Ask your child's healthcare provider when to bring your child in for a catch-up dose.
What are reasons my child should not get the IPV?
- He or she had an allergic reaction to a dose of the vaccine.
- He or she has an allergy to latex or certain antibiotics, such as neomycin, streptomycin, or polymyxin B.
What are reasons my child should wait to get the IPV?
- He or she is sick or has a fever. Wait until he or she feels better and the fever is gone.
- Your adolescent is pregnant. She may need to wait until after she gives birth.
Call your local emergency number (911 in the US) for any of the following:
- Your child's mouth and throat are swollen.
- Your child is wheezing or has trouble breathing.
- Your child has chest pain.
- Your child's heart is beating faster than normal for him or her.
- Your child feels like he or she is going to faint.
When should I seek immediate care?
- Your child's face is red or swollen.
- Your child has hives that spread over his or her body.
- Your child has severe shoulder pain.
When should I call my child's doctor?
- Your child feels weak or dizzy.
- Your child has a high fever.
- Your child has increased pain, redness, or swelling around the area where the shot was given.
- You have questions or concerns about the IPV.

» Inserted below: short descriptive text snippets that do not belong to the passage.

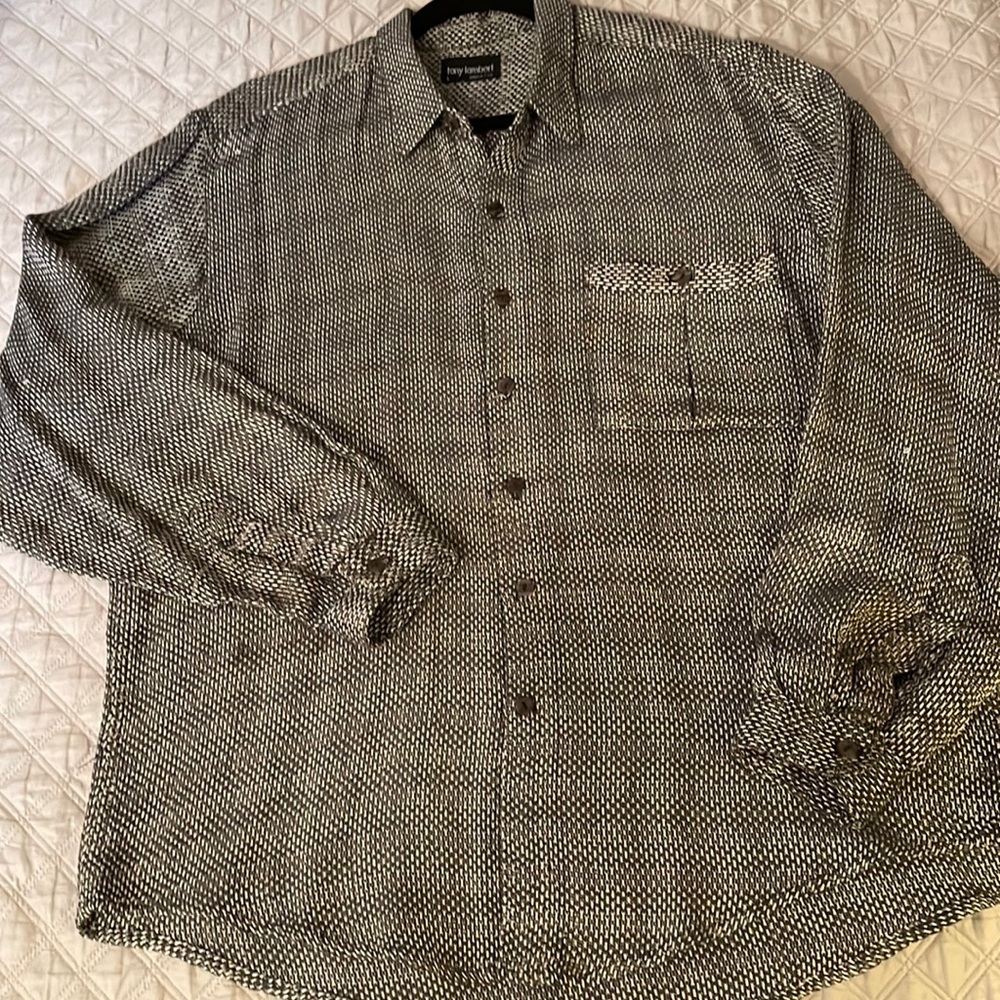 Men’s long sleeve linen tweed shirt, black/white pattern. Yolk back,1 pocket
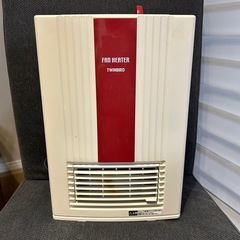 小型ファンヒーターの画像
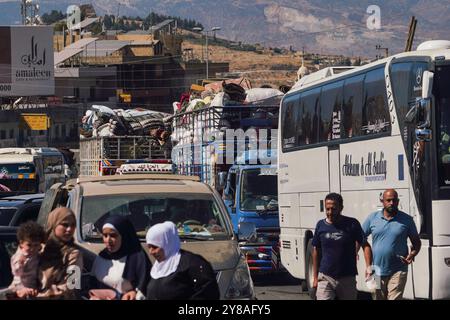 Oktober 2024, Masnaa (Libanon, Syrische Grenze Cr, Masnaa (Libanon, syrische Grenze CR, Libanon: Autos und Busse an der Grenze zwischen Libanon und Syrien am Donnerstag, als Menschen aufgrund der andauernden israelischen Luftangriffe flohen. (Kreditbild: © Timothy Wolfer/ZUMA Press Wire) NUR REDAKTIONELLE VERWENDUNG! Nicht für kommerzielle ZWECKE! Stockfoto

Care AgreementYou have the right to help plan your child's care. Learn about your child's health condition and how it may be treated. Discuss treatment options with your child's healthcare providers to decide what care you want for your child. The above information is an educational aid only. It is not intended as medical advice for individual conditions or treatments. Talk to your doctor, nurse or pharmacist before following any medical regimen to see if it is safe and effective for you.